Jóven sonriente a la luz de la luna, c. 1925-1931

Ramón José Izquierdo y Garrido

Izquierdo y Garrido, Ramón José

Sevilla, 1873 - Sevilla, 1931

Jóven sonriente a la luz de la luna, c. 1925-1931

© Colección Carmen Thyssen-Bornemisza

Firmado en el ángulo superior derecho: "JRYzquierdo"
Colección Carmen Thyssen-Bornemisza en préstamo gratuito Museo Carmen Thyssen Málaga.

Gouache sobre papel

41 x 24 cm

CTB.1997.106

Historia de la obra

  • Durán Subastas de Arte, Madrid, Lote 1196, 20-24 de octubre de 1997.

  • Colección Carmen Thyssen-Bornemisza.

2004 - 2005

Pintura andaluza en la Colección Carmen Thyssen-Bornemisza, Madrid, Museo Thyssen-Bornemisza; Sevilla, Museo de Bellas Artes; Málaga, Palacio Episcopal. Sala de Exposiciones; Almería, Centro de Arte Museo de Almería, n. 102, p. 264.

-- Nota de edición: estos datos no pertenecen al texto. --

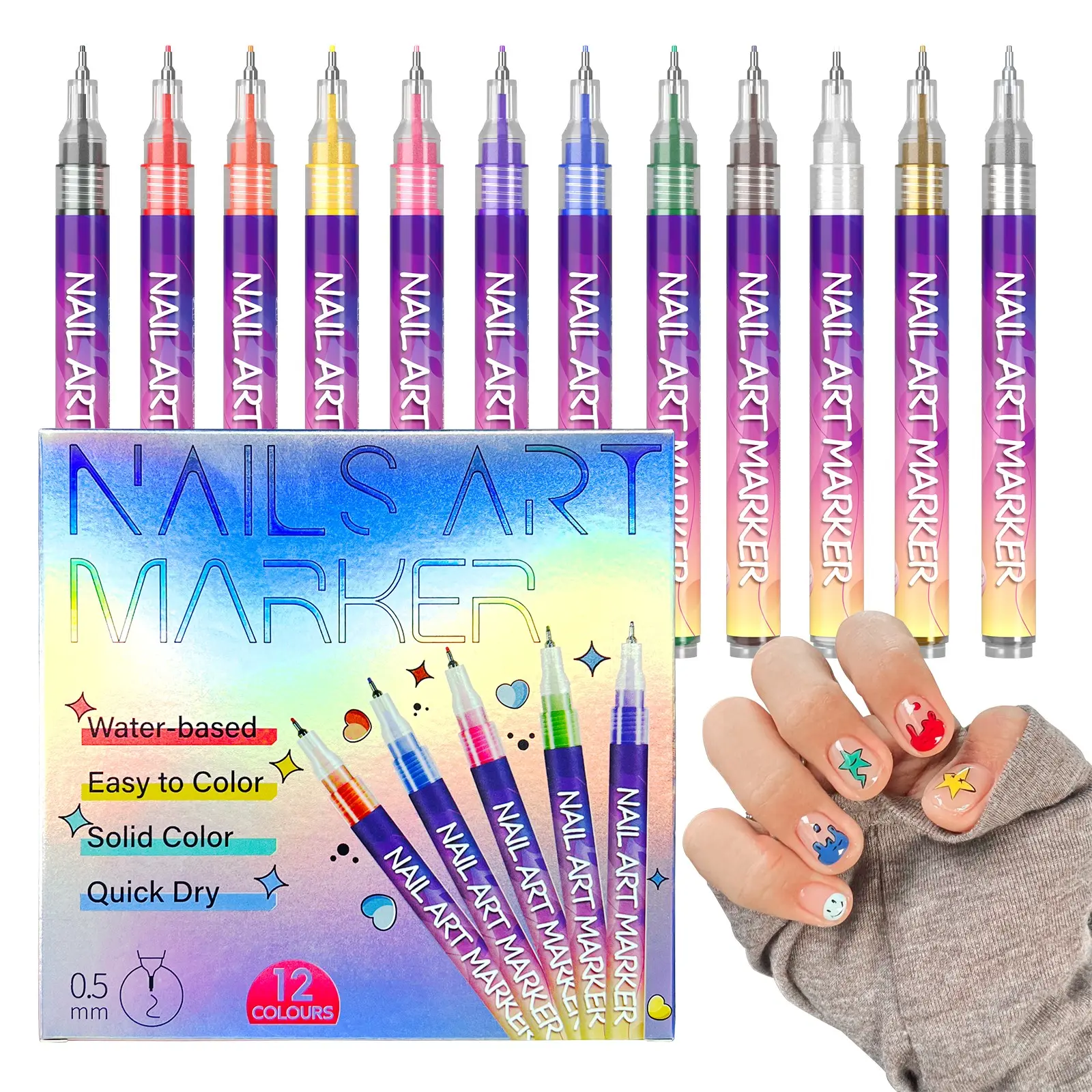 12/24pcs Set Nail Acrylic Graffiti Pen, 12/24 Color Nail Marker, DIY 3D Nail Art Drawing Pen, Abstract Line Manicure Tool, Painting Liner, Nail Design Tools, Nail Art Tools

  • -Pintura Andaluza en la Colección Carmen Thyssen-Bornemisza. García Felguera, María de los Santos; Muñoz, Valme y Díez, José Luis. [Cat. exp. Museo Thyssen-Bornemisza]. Madrid, Fundación Colección Thyssen-Bornemisza, 2004, n. 102, p. 264 [Ficha de Eduardo Alaminos López].

Informe del experto

Al igual que la obra Joven con mantón, ésta presenta un marcado tono ilustrativo, pero a diferencia de aquélla resulta más problemático adscribirla a un mensaje gráfico específico para una determinada firma comercial o un acontecimiento festivo. Cabe también la posibilidad de relacionarla con una ilustración para una portada de revista u obra literaria, próximas al tipo de publicación en las que colaboró Ramón José Izquierdo y Garrido como crítico. Ciertos detalles iconográficos, especialmente los zapatos, nos permiten fechar la obra en torno a esos años.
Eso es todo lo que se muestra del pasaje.